Two movements I was personally interested in and strongly supported, the Anti-Apartheid Movement and the anti-nuclear movement are covered,

as are the Stonewall Riots, the fall of the Berlin Wall, the Arab Spring and bang up to date, Black Lives Matter and Extinction Rebellion.

The authors also talk about some of the creative means of protesting: singing, tree-hugging, theatre and other performing art and even using toys as protesters.

An uplifting, inspiring and timely look at how protesting has changed our society and the world we share. Emily provides the illustrations, and she and Alice co-authored the text. It’s a call to action for sure.

The Last Tree

The Last Tree
Emily Haworth-Booth
Pavilion Books

Trees are one of our planet’s greatest assets in the fight against climate change, so why oh why are the grownups in The Last Tree so careless in their use of this precious resource?
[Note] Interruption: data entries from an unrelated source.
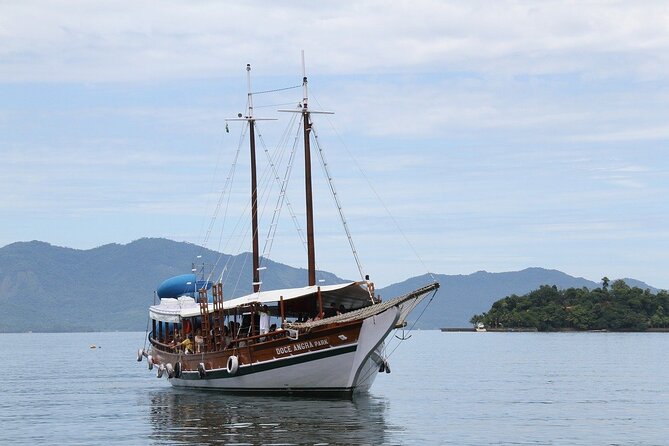 Private Angra do Reis Full-Day Tour from Rio de Janeiro - The Long Ride Out of Rio, and How to Make It Feel Short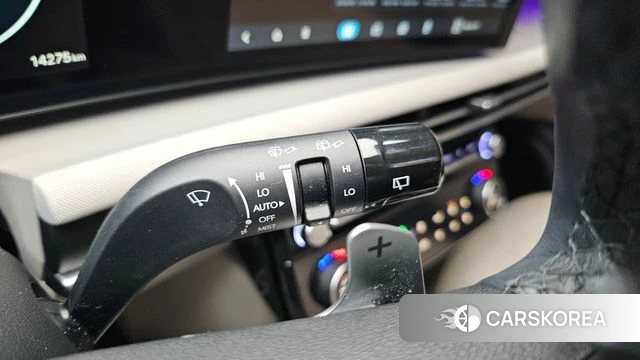 Hyundai The New Tucson Hybrid (NX4) 2025 Белый из Кореи, фото 6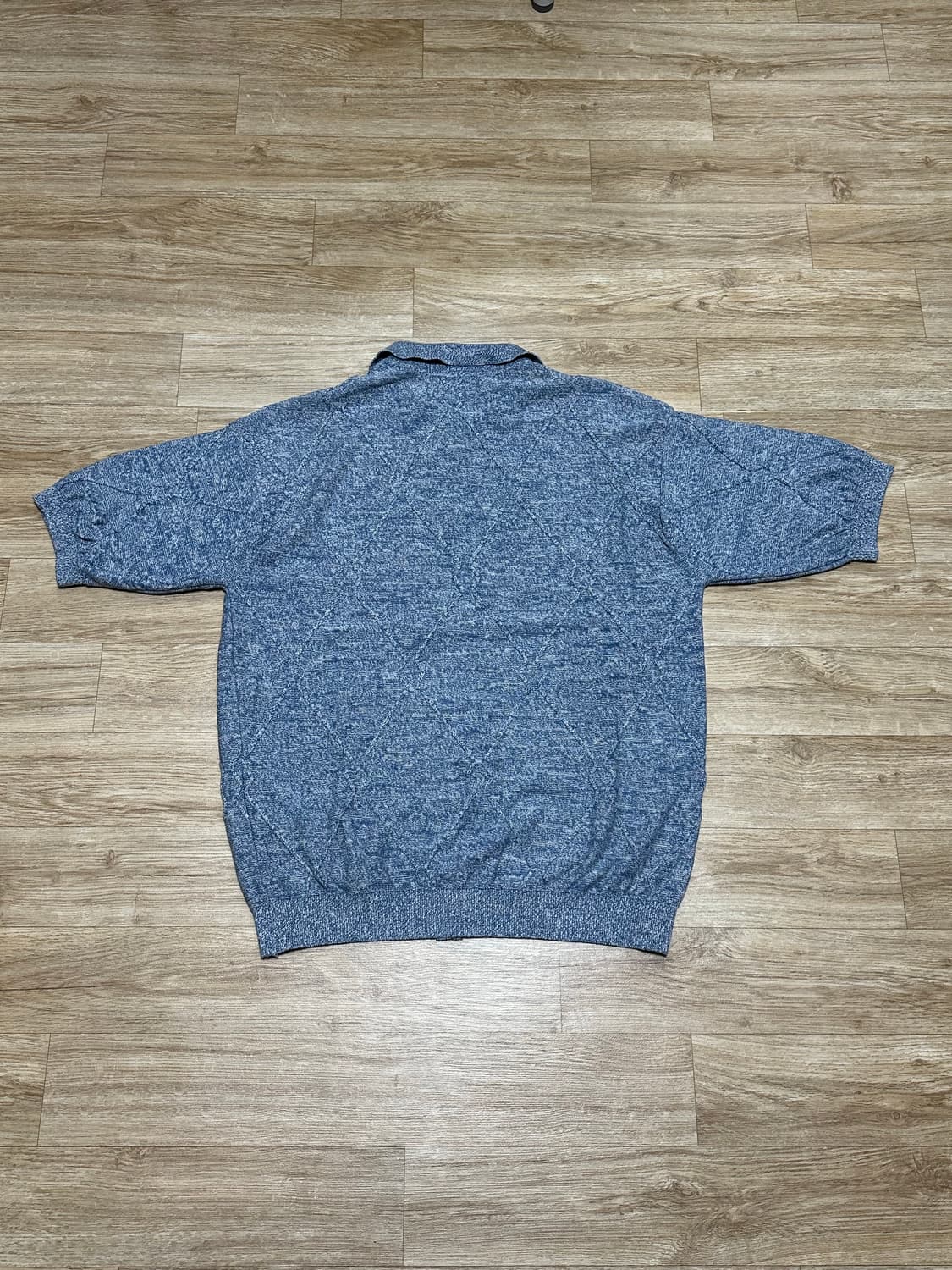 Shirter 반팔 니트 셔츠 상품이미지3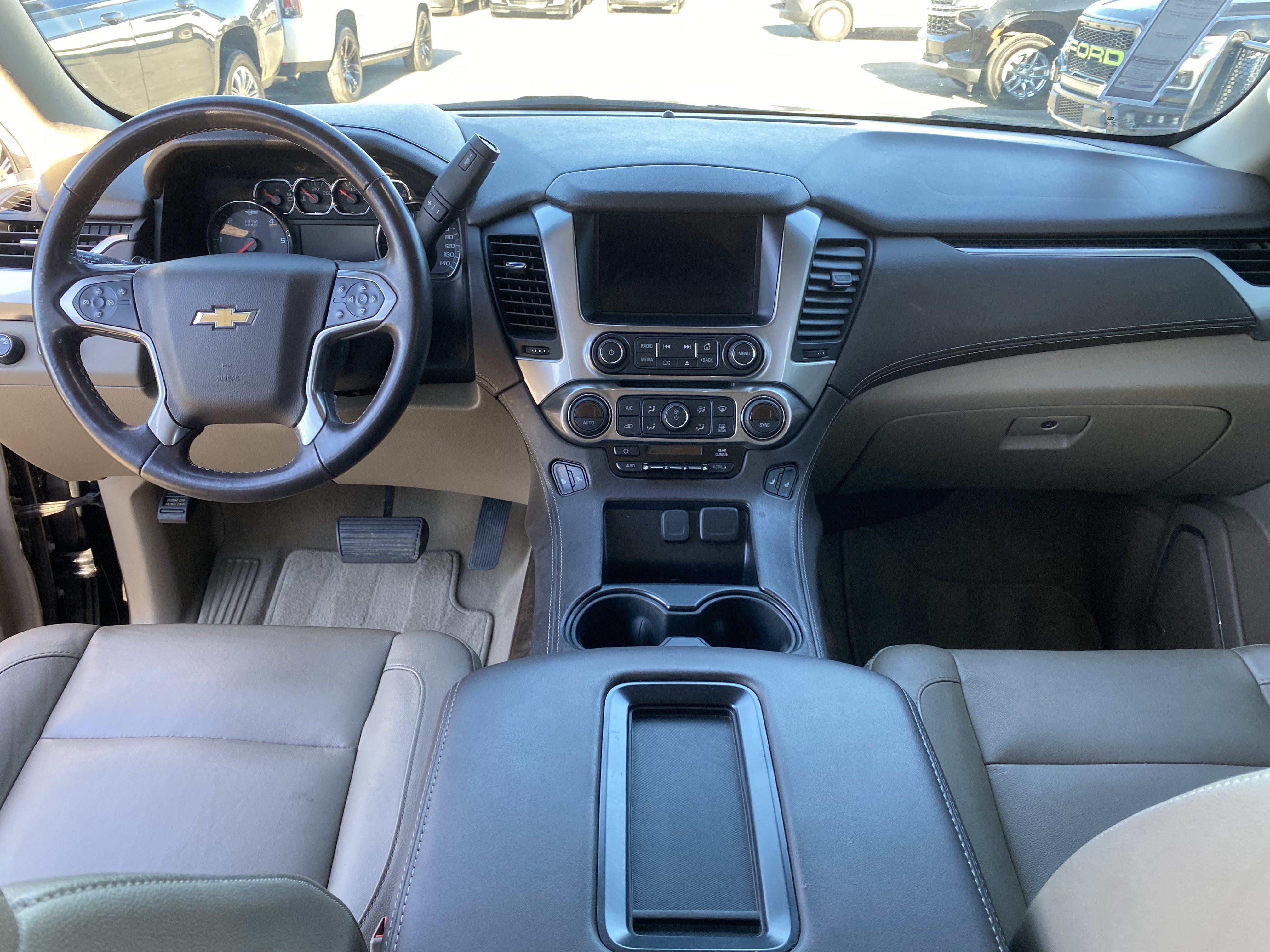 Used 2020 Chevrolet Suburban LT AWD/4WD image 13
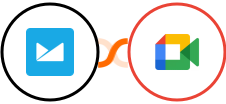 Campaign Monitor + Google Meet Integration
We first meet them when they’re searching for a suitable place to live and they spy their first tree; it’s part of a forest. They enjoy the summer living among the trees and sleeping outdoors.

Come winter they start cutting down a few branches for firewood but this leaves space for the rain to come through and extinguish their fire.

With each new season the loss of the trees creates further problems provoking yet more trees to be lost culminating with the construction of …

Now only one spindly specimen remains.

Inevitably with no view except their wall, the villagers become inward, self-obsessed and thoroughly disenchanted. Instead of a happy community they distrust one another and the adults in every family covet that single remaining tree sending their children to harvest it.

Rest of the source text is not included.